El presidente de Rusia, Vladímir Putin, y el mandatario de China, Xi Jinping, reafirmaron este miércoles en Beijing la fortaleza de la relación entre ambos países, resaltando el aumento del intercambio energético y la cooperación política en medio de un contexto internacional marcado por tensiones geopolíticas.
Durante la reunión, ambos líderes supervisaron la firma de más de 40 acuerdos de cooperación vinculados al comercio, la tecnología y el intercambio mediático. Tanto Moscú como Beijing destacaron el crecimiento sostenido del comercio bilateral, especialmente en sectores como el petróleo y el gas natural.
Xi aseguró que las relaciones entre China y Rusia atraviesan “el nivel más alto de la historia” y anunció junto a Putin la extensión del tratado de amistad firmado originalmente en 2001.
Por su parte, Putin afirmó que el sector energético continúa siendo el principal motor de la cooperación económica entre ambos países y destacó el papel de Rusia como proveedor estable de recursos energéticos, en medio de la crisis en Oriente Medio.
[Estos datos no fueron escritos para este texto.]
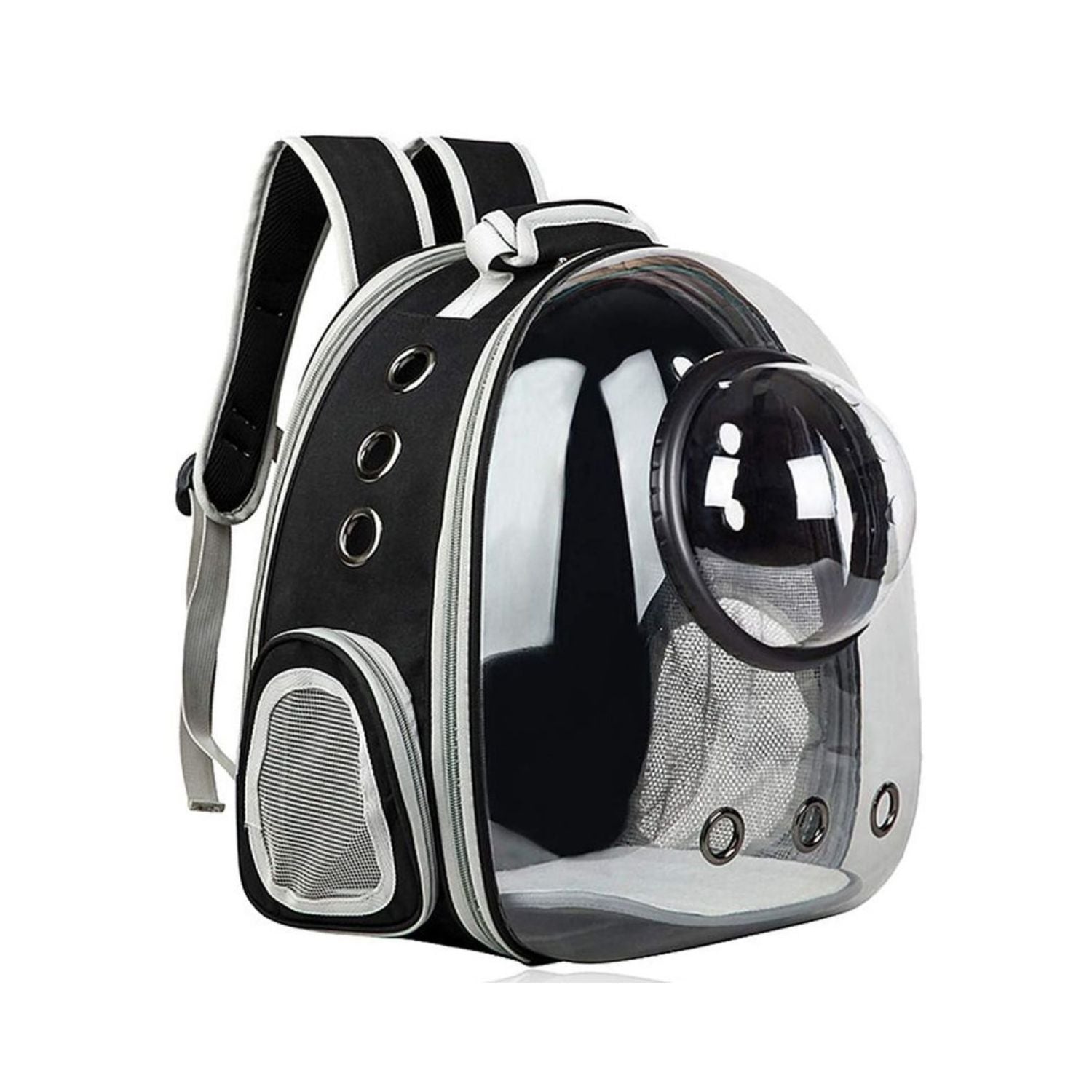 Floofi Space Capsule Backpack - Model 2 (Black) Fi-Bp-108-Fcq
El mandatario chino también pidió un “cese completo de las hostilidades” en la región, al considerar que el conflicto amenaza la estabilidad de las cadenas globales de suministro y el comercio internacional.
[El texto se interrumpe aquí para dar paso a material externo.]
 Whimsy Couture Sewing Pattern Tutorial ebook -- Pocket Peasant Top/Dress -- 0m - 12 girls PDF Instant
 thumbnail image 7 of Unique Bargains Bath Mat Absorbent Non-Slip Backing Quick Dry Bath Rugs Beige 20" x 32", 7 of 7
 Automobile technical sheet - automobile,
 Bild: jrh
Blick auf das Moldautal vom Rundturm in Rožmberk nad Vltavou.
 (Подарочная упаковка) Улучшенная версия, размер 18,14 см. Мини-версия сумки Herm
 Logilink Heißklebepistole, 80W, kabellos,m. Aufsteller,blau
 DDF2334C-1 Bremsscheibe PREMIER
Tras el inicio de la guerra en Ucrania en 2022, China se consolidó como el principal socio comercial de Rusia, manteniendo relaciones económicas con Moscú pese a las sanciones impuestas por Estados Unidos y Europa.
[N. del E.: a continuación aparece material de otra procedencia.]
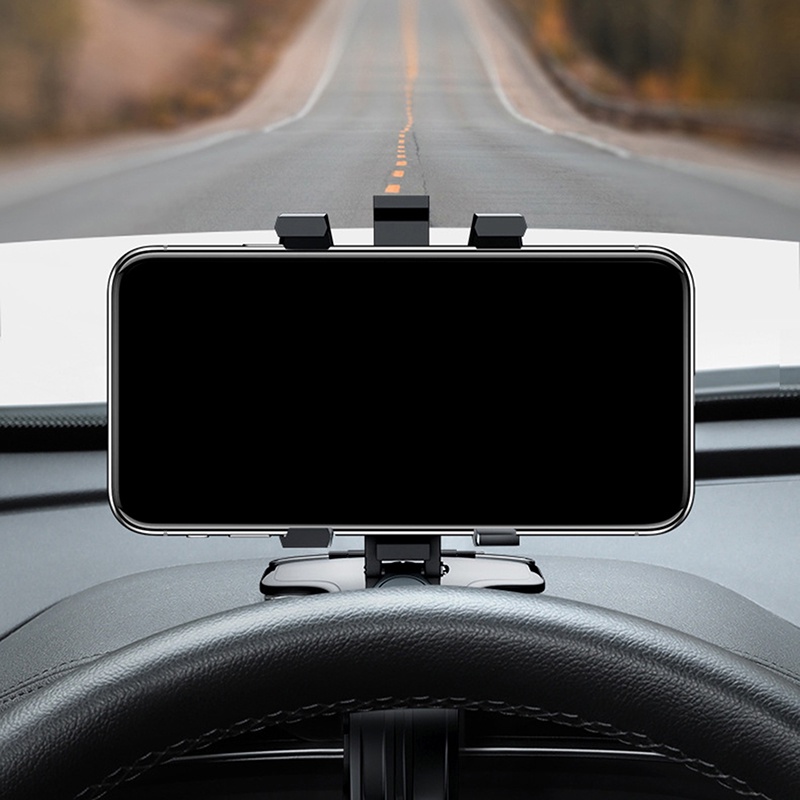 [AIYU] Baju Kaos Distro Pria Wanita Lengan Pendek Stand Penyangga Dudukan Ponsel Mobil Bracket Rotasi 720derajat Dudukan Hp Mobil Universal Dengan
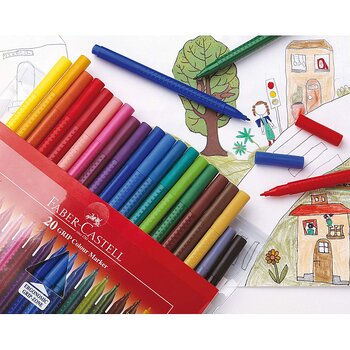 Fiberpennor Faber Castell Grip Fineline 20/fp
Según datos citados por la agencia Xinhua, el comercio entre ambos países alcanzó unos 228 mil millones de dólares en 2025. Además, funcionarios rusos indicaron que las exportaciones de petróleo hacia China crecieron un 35 % durante el primer trimestre de 2026.
Xi destacó que la cooperación energética funciona como un “pilar estabilizador” de la relación bilateral y expresó interés en ampliar los vínculos en áreas como inteligencia artificial, innovación tecnológica y economía digital.
La visita de Putin se produjo pocos días después del viaje del presidente estadounidense, Donald Trump, a Beijing, en un contexto en el que China busca reforzar su influencia global.
Ambos mandatarios defendieron la estrecha coordinación entre Moscú y Beijing en política exterior. Putin calificó la cooperación entre ambos países como un factor clave de estabilidad internacional, mientras Xi reiteró críticas al “unilateralismo y hegemonismo”, en aparentes referencias a Estados Unidos.
China y Rusia mantienen desde 2022 una asociación estratégica descrita por ambos gobiernos como “sin límites”, acompañada de un aumento del comercio, visitas diplomáticas frecuentes y ejercicios militares conjuntos.
Durante el encuentro, Putin se refirió a Xi como “mi querido amigo”, mientras el líder chino respondió llamándolo “mi viejo amigo”, en una nueva muestra de la cercanía política y personal que ambos han cultivado durante los últimos años.
Putin invitó además a Xi a visitar Rusia en 2027 y confirmó que participará en la próxima cumbre de Cooperación Económica Asia-Pacífico prevista para noviembre en China.